Pectolite is a sodium calcium silicate with the composition NaCa2Si3O8(OH), a member of the wollastonite group, and crystallises as fibrous radiating aggregates in volcanic vesicles rather than as the interlocking pyroxene or amphibole structures of jade. The hardness is also significantly lower: pectolite is 4.5 to 5 on the Mohs scale, against 6 to 7 for jadeite and 6 to 6.5 for nephrite. Pectolite is therefore much more easily scratched, cleaved, and abraded than either jade species, and is unsuitable for the carved-jewellery and bangle work in which jade traditionally excels.
Why the misnomer arises
Larimar's blue colour and its cabochon-friendly habit invite comparison with high-grade lavender and turquoise-blue jadeite, both of which command substantial premiums in the East Asian jade market. A seller seeking to capture some of that price premium will sometimes label larimar as pectolite jade or simply as blue jade, hoping that the unfamiliar mineral name reassures the buyer while the jade reference does the commercial work.
The practice is most often encountered in tourist markets, online auction sites, and informal jewellery channels where regulatory enforcement is weak. Established jewellers, gem laboratories, and trade publications uniformly reject the term and treat its use as a disclosure failure rather than a legitimate trade name.
Position of the major laboratories
GIA, AGL, AGTA, and other reputable laboratories identify gem-quality blue pectolite as larimar or simply as pectolite, with no jade designation. AGTA's coloured-stone disclosure standards prohibit labelling materials with names that imply association with unrelated species. A laboratory report on larimar will identify it as pectolite, note the trade name larimar, and make no reference to jade. A buyer presented with a stone labelled pectolite jade should request testing or refuse the sale.

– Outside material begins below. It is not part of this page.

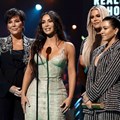 The cast of Keeping Up With the Kardashians picking up the Reality Show of 2019 People's Choice Award. Image credit: Christopher Polk/E! Entertainment/NBCU Photo Bank.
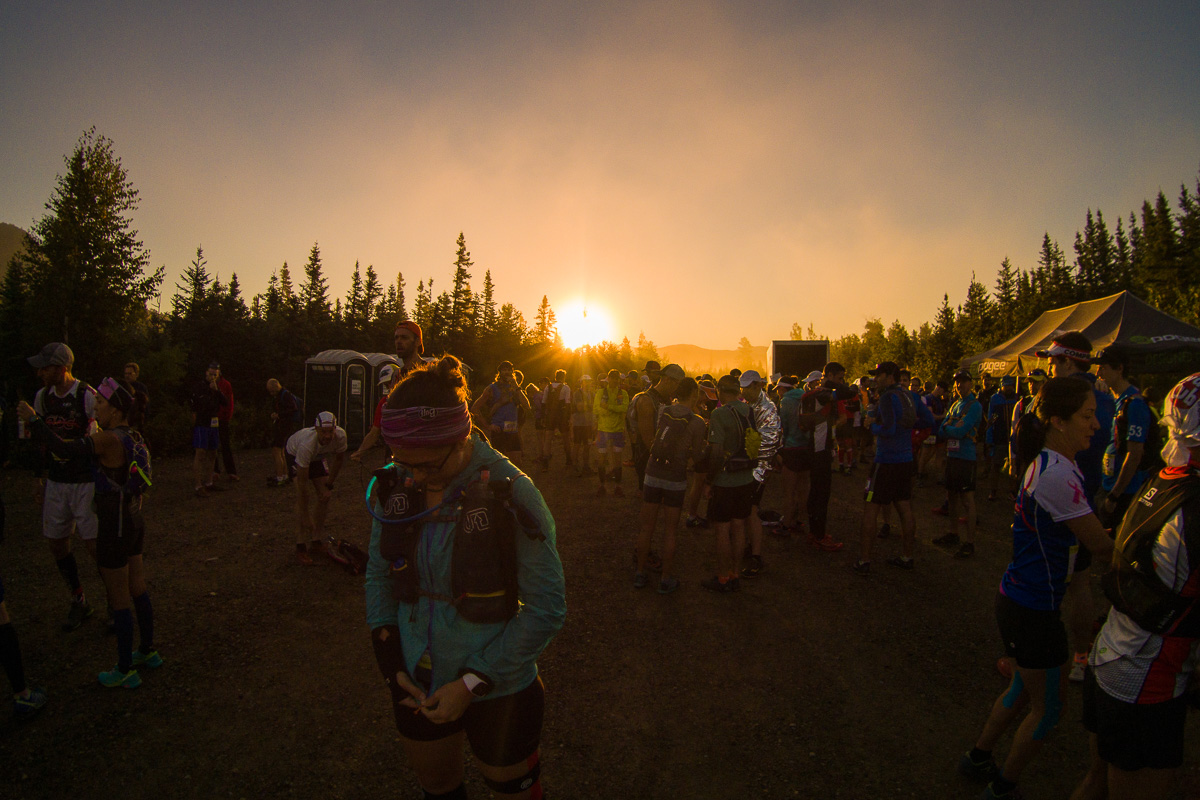 Lever de soleil avant le départ de la course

Other false-jade terms in the trade
The pectolite-jade misnomer is one example of a broader pattern in which unrelated gem materials are sold under jade-derivative names. Korean jade is sometimes serpentine; Mexican jade is dyed calcite or onyx; Olive jade is olivine; Transvaal jade is grossular garnet; African jade is buddstone or dyed quartz; Indian jade is aventurine quartz. None of these materials are jade in the strict species sense, and reputable sellers either avoid the terms entirely or use them only with explicit disclosure of the underlying species. The trade convention is unambiguous: if it is not jadeite or nephrite, it should not be called jade without qualification.
How buyers can verify
The simplest field test is hardness. Larimar is too soft to scratch quartz (hardness 7), while jade — both jadeite and nephrite — will scratch quartz with effort or at least resist being scratched by a steel point (hardness around 5.5). A specific gravity test also separates the materials cleanly: larimar is approximately 2.85, jadeite around 3.30 to 3.38, and nephrite around 2.95 to 3.05. For any stone of significant value, a laboratory report from GIA, AGL, or another reputable lab is the definitive answer; the report will name the species correctly and either accept or reject the larimar trade name as appropriate.
For the working jeweller
When a client brings in a stone labelled pectolite jade or blue jade for appraisal or remounting, the appropriate response is to identify the actual material — almost always larimar — and explain the misnomer plainly. The client is generally not at fault; they are typically a victim of incomplete disclosure at the point of sale. Re-labelling the piece in any subsequent sale or insurance documentation as larimar (with note that it is the gem variety of pectolite) corrects the record and protects the client and the jeweller alike.
In the trade
The takeaway for buyers and working jewellers is straightforward. Larimar is its own gem material with its own merits — distinctive blue colour, single-locality scarcity, and a recognisable place in Caribbean jewellery culture. Selling it under its own name with accurate disclosure is the right approach, and the trade respects the material on those terms. Selling it under the jade name borrows prestige it has not earned and violates the disclosure norms that the modern coloured-stone trade has worked for decades to establish. The term pectolite jade should be regarded as a red flag indicating either ignorance or deliberate misrepresentation on the part of the seller.